Rasmussen adds that once you get elected and hired by an employer, you must start working on your approval ratings. “You need trusted advisors, whether that’s your boss or another mentor, and if you’re in a management position, you need to assemble a good cabinet—you need strong players to strategize with and execute on initiatives.”
Manage Your Campaign On and Offline
“Have an online personal brand that’s in alignment with your offline personal brand,” says Augustine. When launching your job-search campaign, use a variety of resources like job boards, staffing firms, social media as well as in-person networking opportunities.
“There comes a time when you have to do the work and unless you do the work, you won’t be able to pitch,” says Williams. It’s just as important to build your skillset and refine your message as it is to campaign. The more you campaign, the more aware people become about you.
Experts suggest tailoring your pitch to your target market—recruiters, networking contacts, hiring managers and interviewers. Having a polished, unified brand will help people looking for your talents find you, says Augustine.
Kiss the Babies
“Shaking hands means a lot to people, whether in person or by social media,” says Williams. Companies don’t always post open positions and people in your network can give access to word-of-mouth opportunities.
As you meet people, they’ll remember your attitude more than anything so stay positive and energetic. “Enthusiasm and energy is important in any conversation—the energy and focus influences and impresses the other person at the meeting table,” says Barrett-Poindexter.

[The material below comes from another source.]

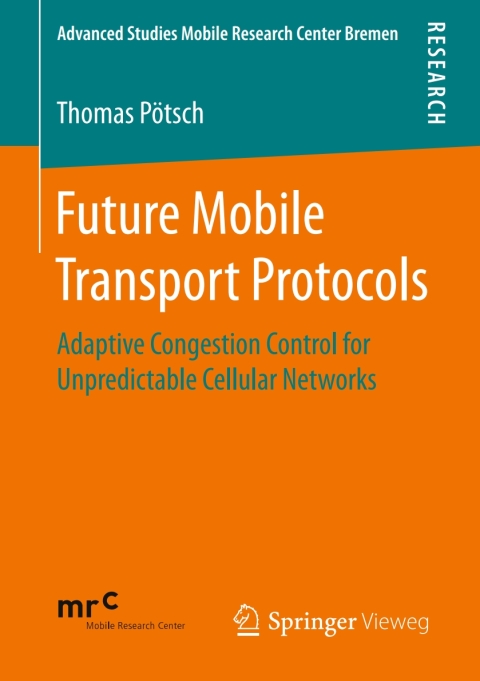 Cover image for book Future Mobile Transport Protocols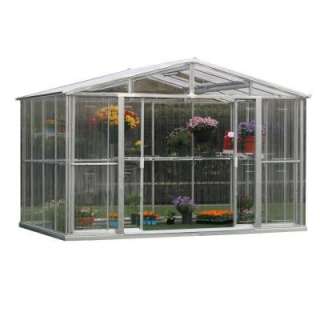   Building Products 10 ft. x 8 ft. Greenhouse 80211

To develop a genuine connection with people, make small talk, ask questions and listen, recommends Augustine. “Exchange contact information and follow up. Connect through LinkedIn and be sure to maintain these new relationships,” says Augustine.
Know Your Constituency
“People hire people who they’re most comfortable with and have the most confidence in to grow an initiative,” says Rasmussen.
As you look for opportunities, you want to match your skills with what an employer or boss wants by gearing your pitch towards your constituents, adds Williams. “If the goal is to get a job, it’s as much about what you’ve done as it is about what’s important about potential employers.”
By building strong relationships and consensus, people will have faith in you to move forward with an initiative, says Rasmussen. Since you’re not the only person who wants to get ahead, be prepared to tell people why you’re the most qualified person.
Stick to the Issues
“You really need to be able to clearly articulate who you are and what problems you solve,” says Barrett-Poindexter. In your career, be aware of what you do to provide bottom line value. Since jobs require specific skills, pick an area to become specialized in.
Take inventory of your key strengths and passions and develop targeted goals outlined in your resume, cover letter, online profiles and talking points for networking and interviews, says Augustine. This will help recruiters and hiring managers understand what you’re great at and looking to do. Otherwise, you may end up networking with people and applying for jobs that aren’t aligned with your goals.
In an interview, show that you’ve researched an organization and talk about how you can bring the organization forward or catch the competition, says Rasmussen. “There’s a difference between people who are always trying to make the company better versus those who are just collecting a paycheck.” Stay informed on the issues and factors impacting company performance, industry trends and competitors.